I want to add a new column a3 to my dataframe df: If the strings of "b" contain strings of "b2" from dataframe df2, the new column a3 should append values from a2 of df2.
first dataframe df:
d = {'a': [100, 300], 'b': ["abc", "dfg"]}
df = pd.DataFrame(data=d, index=[1, 2])
print(df)
a b
1 100 abc
2 300 dfg
second dataframe df2:
d2 = {'a2': ["L1", "L2", "L3"], 'b2': ["bc", "op", "fg"]}
df2 = pd.DataFrame(data=d2, index=[1, 2, 3])
print(df2)
a2 b2
1 L1 bc
2 L2 op
3 L3 fg
The output should look like this:
print(df)
a b a3
1 100 abc L1
2 300 dfg L3
I tried a nested for loop, which did not work.
for i in df.b:
for ii in df2.b2:
for iii in df2.a3:
if ii in i:
df["a3"]=iii
CodePudding user response:
You need to test all combinations.
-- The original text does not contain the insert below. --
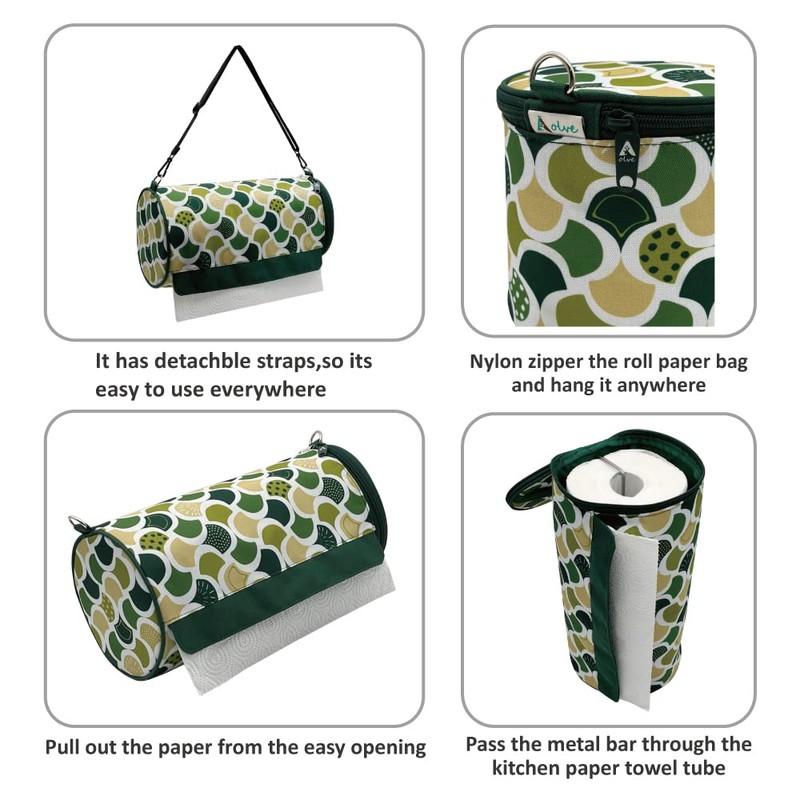 Olve Kitchen Paper Towel Holder Hanging Paper Towel Dispenser Cover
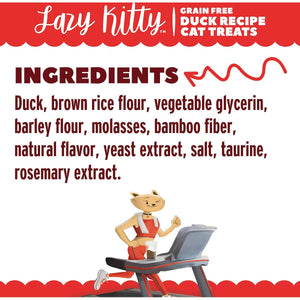Lazy Kitty Air - Dried Grain - Free Cat Treats – Duck Recipe 3oz / 85gm - Shopivet.com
You could still take advantage of pandas vector str.contains
:
common = (pd.DataFrame({x: df['b'].str.contains(x) for x in df2['b2']})
.replace({False: pd.NA})
.stack()
.reset_index(level=1, name='b2')['level_1'].rename('b2')
)
# 1 bc
# 2 fg
# Name: b2, dtype: object
df.join(common).merge(df2, on='b2')
output:
a b b2 a2
0 100 abc bc L1
1 300 dfg fg L3
CodePudding user response:
Among a lof of approaches, you can use list comprehension:
df["a2"] = [df2.iloc[i]["a2"] for y in df.b for i,x in enumerate(df2.b2) if x in y]
df
Output
a | b | a2 | |
---|---|---|---|
1 | 100 | abc | L1 |
2 | 300 | dfg | L3 |
And note that, it shouldn't be d2 = {'a2': [10, 30, 25], 'b2': ["bc", "op", "fg"]}
, rather it should be d2 = {'a2': ["L1", "L2", "L3"], 'b2': ["bc", "op", "fg"]}
.